Disclaimer: There are details in this post, like stitches and contractions and internal monitors and underwear and even maternity pads. If you don't want to hear about that, then this is not the post for you!

Before I get into the part 2 of the US vs UK, I feel like I need to mention something. The first part of this story was MY story. It is what happened at MY birth. Awesome if you had a different experience. Sorry if you did not. But just because you had a great experience does not mean that I did. I am entitled to share my feelings/emotions/fears/joys just the same as you are. After posting the first part, I received several negative comments and emails from people who had delivered in the UK and had a positive experience. I am really pleased for those that did. But again, it does not mean that I did. Several of my dear friends have given birth in the exact same birthing centre and had a great experience. They had different midwives and in some cases their husbands were allowed to stay. I am glad it worked out well for them. One friend had a great experience in Scotland and another in central London. But that was not my story. It is nothing against the UK or even birthing centres. The very next blog post I wrote talked about how I was missing the UK. It was just how it happened. So please, get off my back. I am entitled to write about whatever I want. It is my blog. Stop being mean!

With that being said....

5am proved to be a very early start. One that Rhys and I were not quite prepared for. To make it on time to the hospital we needed to leave by 4:45.  Around 4:50 I was still making my breakfast smoothie and the car seat was not even in the car. It would be accurate to say that we procrastinate.

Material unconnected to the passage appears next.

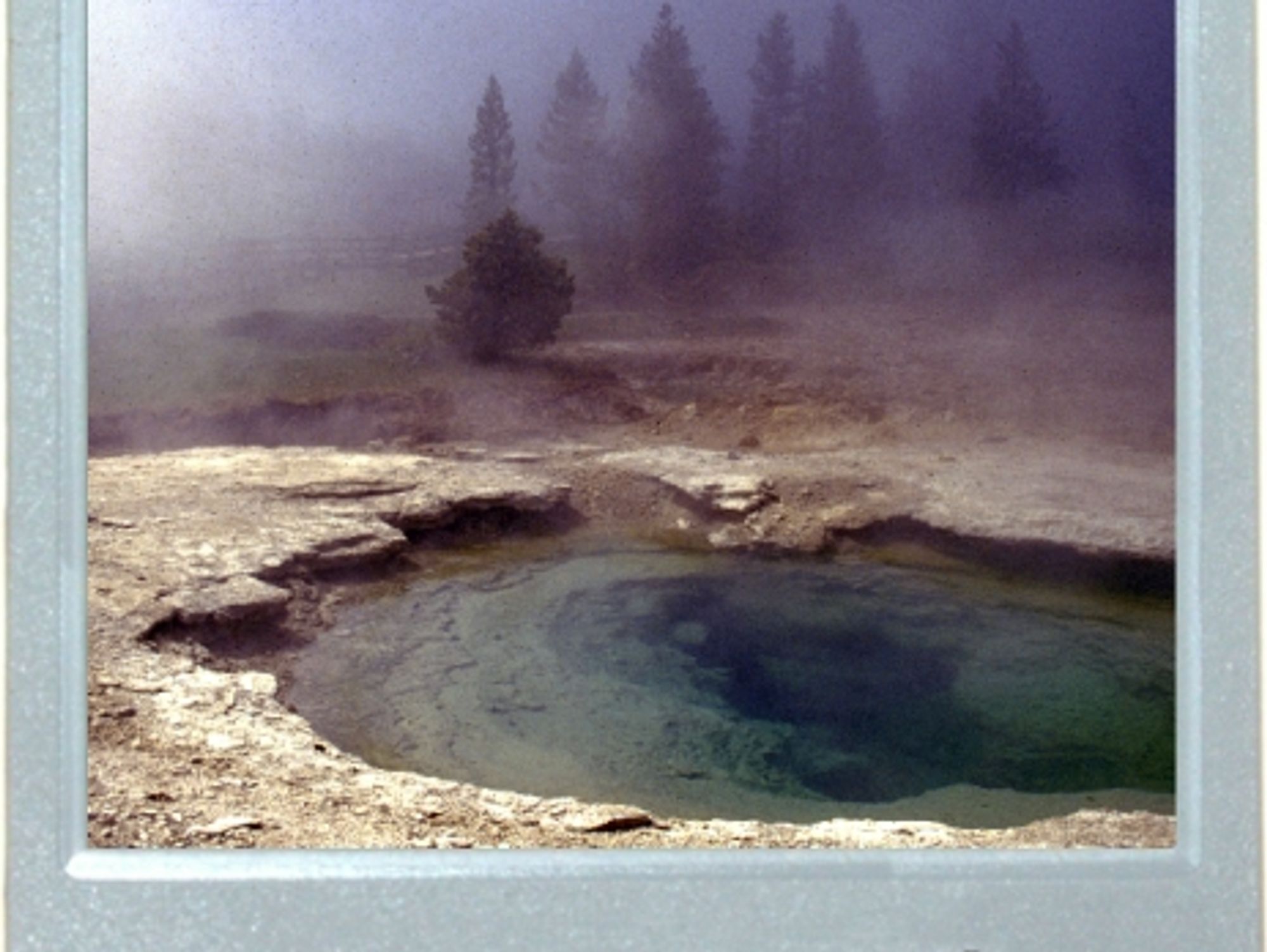 Oops In Yellowstone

We made it, only 15 minutes late, and started the check in process. Talk about paperwork! Since everything is nationalised in the UK, aside from the maternity  notes you carry around with you during pregnancy, there is no paperwork. You get there, you get a room, done. Finally at 6:10 I was checked in, in bed, with an IV and the pitocin had started. We were ready for a baby!

At my last check up I was dilated to almost 4cm and was 80% effaced. Everyone, including myself, was prepared for a really quick labour and delivery. I was thinking that probably by noon little Lowri would be here. By 11am, the pitocin was up as high as they could make it go and nothing was happening. Nothing at all. I was having contractions, but nothing to write home about. Looking at the monitor, they were really nothing more than tiny, little hills. Rhys and I were watching tv shows, laughing and joking around. I knew that I was 'in labour' but as far as comfort levels go, I was just fine.

I had mentioned when I was first admitted that I wanted an epidural. The nurse said to wait until I had started progressing and the contractions were stronger so that way it would work during the delivery. That made sense to me, so I didn't really push the matter again. I figured that I would know when the contractions were actually strong enough, so I would just wait until then.

The doctor came in just after 11 and broke my water. I said that I was hoping for a baby by noon. He said at the rate I was going, he was hoping for a baby by noon the next day!! Seriously? I was crushed. When the doctor and nurse left the room, I broke down. I was sobbing to Rhys that everyone kept saying it would be so quick and it wasn't. I had mentally prepared myself for a fast labour and that was not happening. As the day wore on, I quickly realised that while I was mentally prepared for the birthing part of Eleri, I had not done the same for Lowri. Partly because I was freaking out about other things, but partly because I just assumed it would be super quick. That assumption made the rest of the afternoon difficult. Because it was not going quickly, I was discouraged. Rhys did his very best to keep my spirits up, but it had already been over 6 hours and I was no further along than when I was admitted!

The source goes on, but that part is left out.